According to Yevgeny Primakov, Prime Minister of Russia from 1998 to 1999, Russian-Georgian tensions "eased when Georgian special forces went to work in the Pankisi Gorge, taking several rebels into custody and turning them over to the Russian special services." Primakov wrote that some saw this as the result of pressure from the United States, who wanted to stabilise Russian-Georgian relations.

In an early October operation, according to one report, Georgian forces captured 15 Arabs in Pankisi, among them the Al-Qaeda leader known as Saif al-Islam al-Masri. Other reports referred to al-Masri's capture having had taken place in the summer, and to "over 13" Arab fighters having been turned over to the U.S. that Autumn by Georgia.
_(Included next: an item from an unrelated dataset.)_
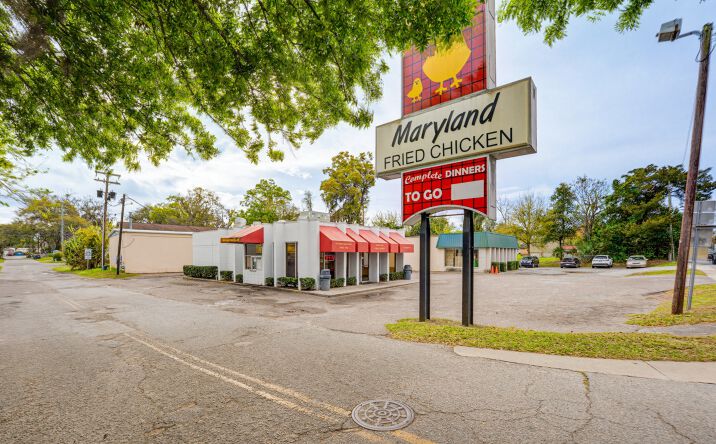 Pictures of Retail, Mixed Use, Business for Sale property located at 111 RIBAUT RD, BEAUFORT, SC 29902-4414 for sales - image #1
By late October, according to yet another report, Georgia had netted about a dozen Arab militants, including "two mid-level Al-Qaeda leaders."

At an unspecified point in the Autumn, Georgian forces beat back a group of some 30 mostly-Chechen fighters who tried to cross into Georgia from Russia, officials claimed. The group was forced into the path of Russian soldiers, who were said to have killed many of them.

On 22 November, at the NATO summit in Prague, President Shevardnadze officially requested, for the first time, that Georgia join NATO, a step in his effort to draw Georgia into a closer relationship to the alliance.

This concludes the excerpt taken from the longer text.